┌─ Recorded data

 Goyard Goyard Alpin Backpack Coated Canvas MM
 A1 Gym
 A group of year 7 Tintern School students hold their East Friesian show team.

└─
┌─ Recorded data

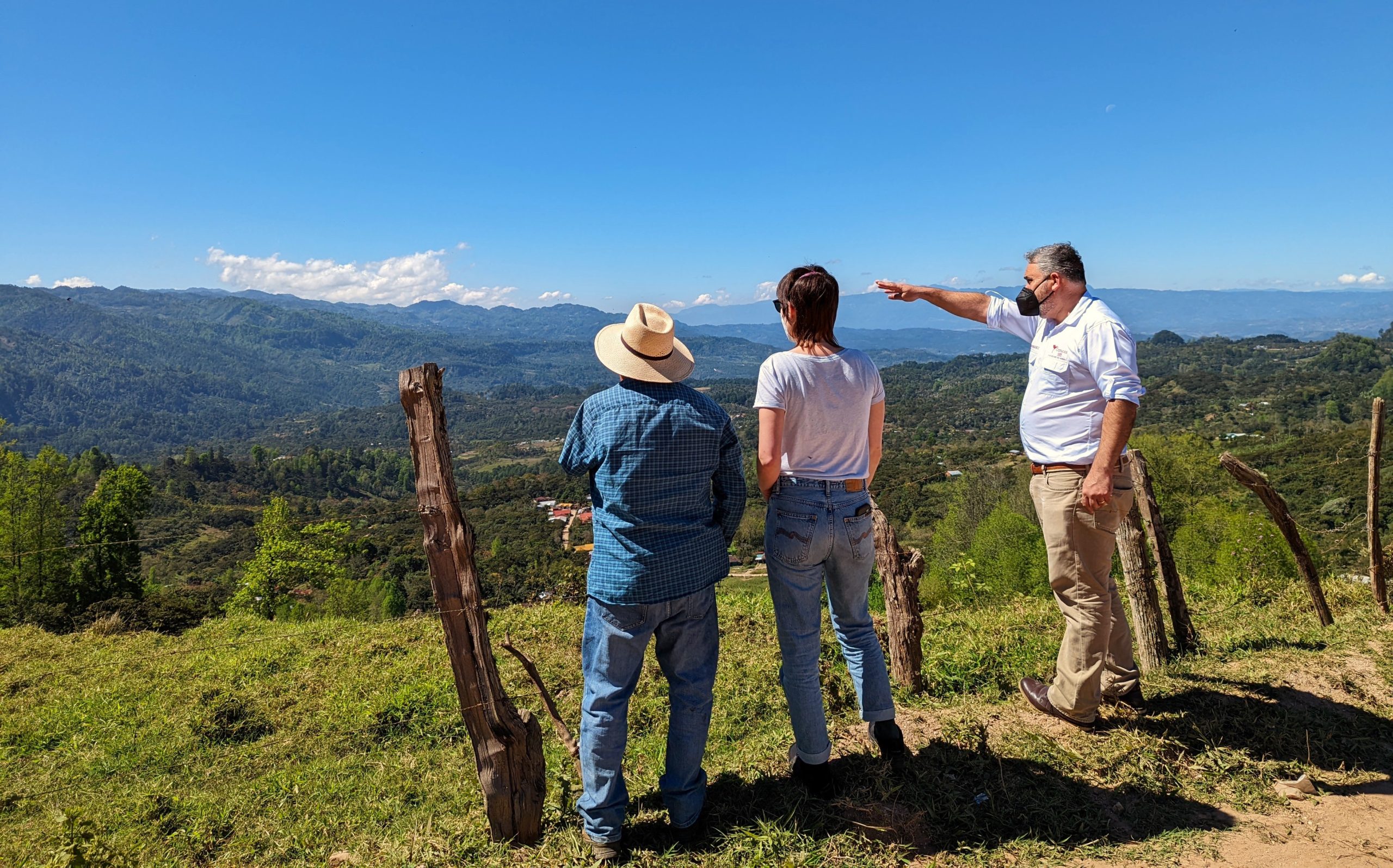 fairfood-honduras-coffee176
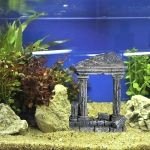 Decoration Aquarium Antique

└─

Each line above from the one with "Goyard Goyard Alpin" up to and including the one with "A group of year" must be set down exactly, and no line outside that span may appear.

### [Answer to the exercise]
 Goyard Goyard Alpin Backpack Coated Canvas MM
 A1 Gym
 A group of year 7 Tintern School students hold their East Friesian show team.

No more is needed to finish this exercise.